What is the smallest volume of water at 20c that could be used to dissolve and remove potassium nitrate impurities and leave pure sodium hydrogen carbonate?
To calculate the smallest volume of water needed to dissolve and remove potassium nitrate impurities and leave pure sodium hydrogen carbonate, we need to consider the solubility of both compounds.
1. Determine the solubility of potassium nitrate (KNO3) and sodium hydrogen carbonate (NaHCO3) at 20°C:
- The solubility of potassium nitrate is approximately 31.6 g/100 mL of water at 20°C.
- The solubility of sodium hydrogen carbonate is approximately 7.8 g/100 mL of water at 20°C.
2. Calculate the amount of potassium nitrate impurities that need to be dissolved and removed:
- Assume we have a known amount of impure sodium hydrogen carbonate and we need to remove all the potassium nitrate impurities completely.
- Suppose the impure sodium hydrogen carbonate weighs "x" grams.
- The amount of potassium nitrate impurities can vary, but we'll consider the worst-case scenario where the impurities weigh the same as the sodium hydrogen carbonate (x grams).
3. Determine the amount of water required to dissolve the maximum amount of potassium nitrate impurities:
- To completely dissolve the potassium nitrate impurities, we need to use the solubility value mentioned earlier.
- Since potassium nitrate has a solubility of 31.6 g/100 mL of water, we need to dissolve "x" grams of potassium nitrate.
- So, the volume of water required can be calculated using the formula: (x g of potassium nitrate) / (31.6 g/100 mL) = (x/31.6) * 100 mL
4. Calculate the remaining volume of water needed to dissolve the sodium hydrogen carbonate:
- After dissolving the potassium nitrate impurities, we need to dissolve the remaining amount of sodium hydrogen carbonate.
- Assume the remaining sodium hydrogen carbonate weighs "y" grams (pure sodium hydrogen carbonate).
- The solubility of sodium hydrogen carbonate is given as 7.8 g/100 mL of water.
- So, the volume of water required to dissolve "y" grams of sodium hydrogen carbonate can be calculated using the formula: (y g of sodium hydrogen carbonate) / (7.8 g/100 mL) = (y/7.8) * 100 mL
5. Add the two volumes of water calculated in steps 3 and 4 to get the total volume needed:
Total volume of water = (x/31.6) * 100 mL + (y/7.8) * 100 mL
Note: The actual volume of water needed may vary depending on the exact weight of impurities and sodium hydrogen carbonate.

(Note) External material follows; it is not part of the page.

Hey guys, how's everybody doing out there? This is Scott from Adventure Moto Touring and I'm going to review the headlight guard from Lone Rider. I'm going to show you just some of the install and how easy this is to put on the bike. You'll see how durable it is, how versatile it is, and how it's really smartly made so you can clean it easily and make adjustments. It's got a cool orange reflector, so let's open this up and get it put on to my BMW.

To determine the smallest volume of water needed to dissolve and remove potassium nitrate impurities while leaving pure sodium hydrogen carbonate, you need to understand the solubility of these compounds and their solubility product constants.
1. Solubility of Potassium Nitrate (KNO3):
Potassium nitrate is a highly soluble compound in water. At 20°C, the solubility of potassium nitrate is approximately 31 grams per 100 ml of water.

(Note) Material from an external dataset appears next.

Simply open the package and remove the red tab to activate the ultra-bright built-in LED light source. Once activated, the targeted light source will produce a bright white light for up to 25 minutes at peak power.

2. Solubility of Sodium Hydrogen Carbonate (NaHCO3):
Sodium hydrogen carbonate, also known as baking soda, is also a soluble compound in water. At 20°C, the solubility of sodium hydrogen carbonate is approximately 7.8 grams per 100 ml of water.
To calculate the smallest volume of water required, we can assume that the maximum amount of potassium nitrate will dissolve while keeping all sodium hydrogen carbonate dissolved.
Since the solubility of potassium nitrate is higher than that of sodium hydrogen carbonate, we need to find the amount of sodium hydrogen carbonate that requires the same volume of water as the maximum solubility of potassium nitrate.
Let's start by converting the solubilities to the same units (grams per milliliter):
Potassium Nitrate:
31 grams / 100 ml = 0.31 grams / ml
Sodium Hydrogen Carbonate:
7.8 grams / 100 ml = 0.078 grams / ml
To achieve the smallest volume of water needed, we'll use the difference between the two solubilities:
0.31 grams / ml - 0.078 grams / ml = 0.232 grams / ml
Therefore, the smallest volume of water required to dissolve and remove potassium nitrate impurities while leaving pure sodium hydrogen carbonate is the volume that can hold 0.232 grams of potassium nitrate, which is approximately 1.02 ml.